O Parlamento português rejeitou, esta sexta-feira, várias iniciativas legislativas que pretendiam alterar a governação do Serviço Nacional de Saúde (SNS), incluindo a forma de escolha dos presidentes das administrações das Unidades Locais de Saúde (ULS) e a gestão democrática dos hospitais.
Os projetos de lei apresentados por Livre, PCP, Chega, BE, IL e PAN, bem como um projeto de resolução do PS, foram chumbados pela maioria parlamentar. Durante o debate, os deputados defenderam posições divergentes sobre a necessidade de reduzir a influência política nas nomeações e aumentar a profissionalização das administrações.
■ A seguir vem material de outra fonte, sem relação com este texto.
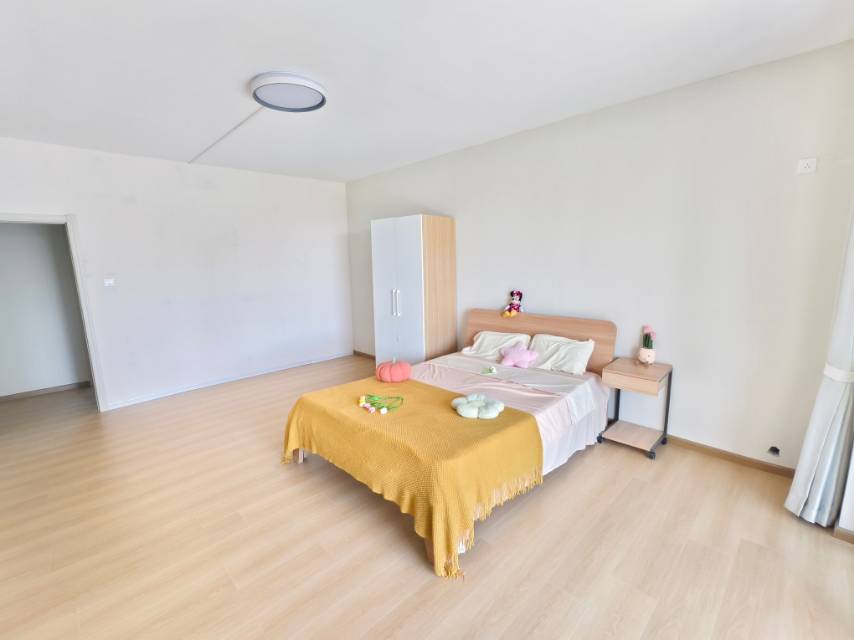 滨湖长滩花园A区）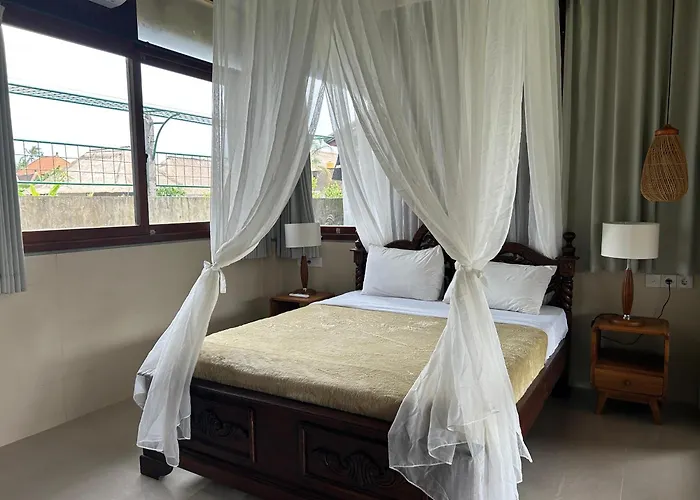 Ketut's Place Penestanan Apartment *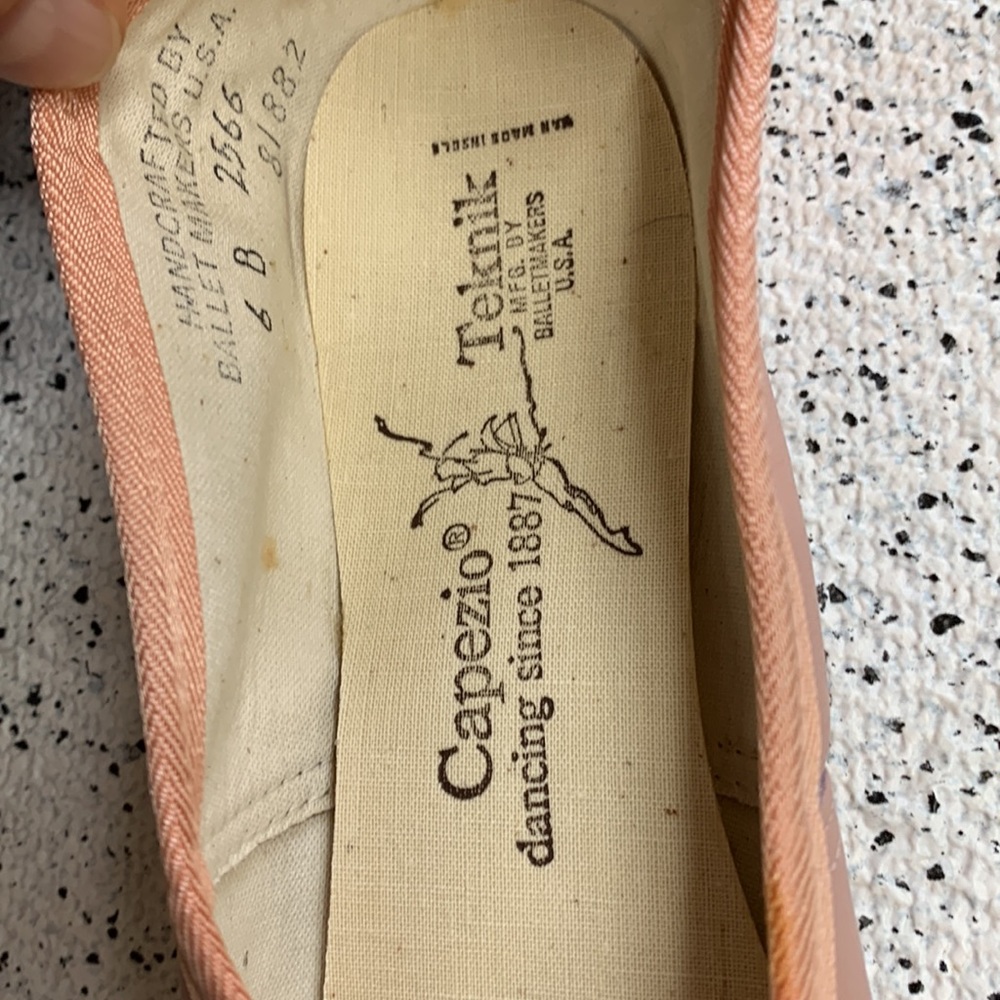 Antique NEW Capezio Slipper in Dusty Rose sz 6 - Picture 6 of 9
Paulo Muacho (Livre) propôs que os dirigentes fossem eleitos pelos trabalhadores após concurso público, enquanto PCP, BE, IL e PAN criticaram a interferência partidária e defenderam concursos públicos e maior participação dos profissionais de saúde na seleção dos dirigentes.
Do lado do PS, Jorge Botelho salientou que o critério central deve ser a competência técnica e a experiência no setor, enquanto Miguel Guimarães (PSD) defendeu um modelo de gestão orientado para a eficiência, sem recorrer a eleições internas ou concursos públicos para todos os cargos.
O debate refletiu a tensão entre propostas de democratização e profissionalização da gestão hospitalar e a manutenção de critérios técnicos e de eficiência na administração do SNS.